27700

Using R to scrape Indian health survey data from PDFs

Aim

I want to be able to create a map of district-level child malnutrition data for India. This data is available online at the National Family Health Survey website, but unfortunately the data is only available in PDF form and the website is often offline. It would be useful to have the data in table format and stored locally so that it can be used in GIS software.

If there were just a handful of data sheets to get data from, it would be easier to just copy the data by hand into a spreadsheet or add directly into GIS software. However, India has 33 states and over 600 districts, so clearly it would take too long to download each PDF and then copy out the data - I needed to find a way to automate this process.

I wrote this script while learning R and trying to solve this particular problem. There was quite a lot of trial and error involved, and I didn't follow software engineering practices so the code could be improved. However, it works for what I needed and hopefully makes sense to you reading it. I've included footnotes for each section with links to the pages that helped me solve each step.

Automating the process

Set-up

To begin, let's load the necessary libraries.

library(tidyverse)
library(stringr)
library(tabulizer)
library(rvest)

Scrape web pages

The National Family Health Survey website has a page for district fact-sheets for the 2015-16 survey that allows you to click through two sets of menus to get to the PDFs. First you select the state and then the district, which downloads the data sheet for that district.

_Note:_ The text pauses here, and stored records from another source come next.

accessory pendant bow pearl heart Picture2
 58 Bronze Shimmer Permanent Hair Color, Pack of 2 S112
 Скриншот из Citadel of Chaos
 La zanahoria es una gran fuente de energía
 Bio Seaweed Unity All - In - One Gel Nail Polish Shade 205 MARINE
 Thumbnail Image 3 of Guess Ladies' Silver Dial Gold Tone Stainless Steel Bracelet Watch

After experimenting with a couple of scraping packages, I found rvest, which seemed the most intuitive to use. This chunk reads the list on the main page and creates a list of the URLs for each state. [^1]

nfhs_site <- "http://rchiips.org/nfhs/districtfactsheet_NFHS-4.shtml"

state_pages <- read_html(nfhs_site) %>% 
  html_nodes('select') %>% 
  map(~html_nodes(.x, 'option') %>% 
        html_attr('value') %>% 
        gsub(pattern = '\\t|\\r|\\n', replacement = '')
  )

base_url <- "http://rchiips.org/nfhs/"

state_urls <- list()
for (i in 1:length(state_pages[[1]])){
  url <- paste0(base_url, state_pages[[1]][i])
  state_urls[[i]] <- url 
}

unlist(state_urls) # flatten the list
state_urls <- state_urls[-1] # remove a blank entry

The process repeats for each of those pages to create a list of data sheet PDFs for every district in a state.

district_pdfs <- list()
for (i in state_urls){
  district_pdfs[[i]] <- read_html(i) %>% html_nodes('option') %>% html_attr('value')
}

Download PDFs

Now that I have a URL for every PDF, I can loop through and download them. To keep things tidy, I extracted the two-letter state code from the URL and made a folder using the code that I can save the PDFs for that state into. [^2] [^3] When I first tried this the PDFs downloaded as blank files. Adding the mode="wb" flag to download.file fixed this. [^4]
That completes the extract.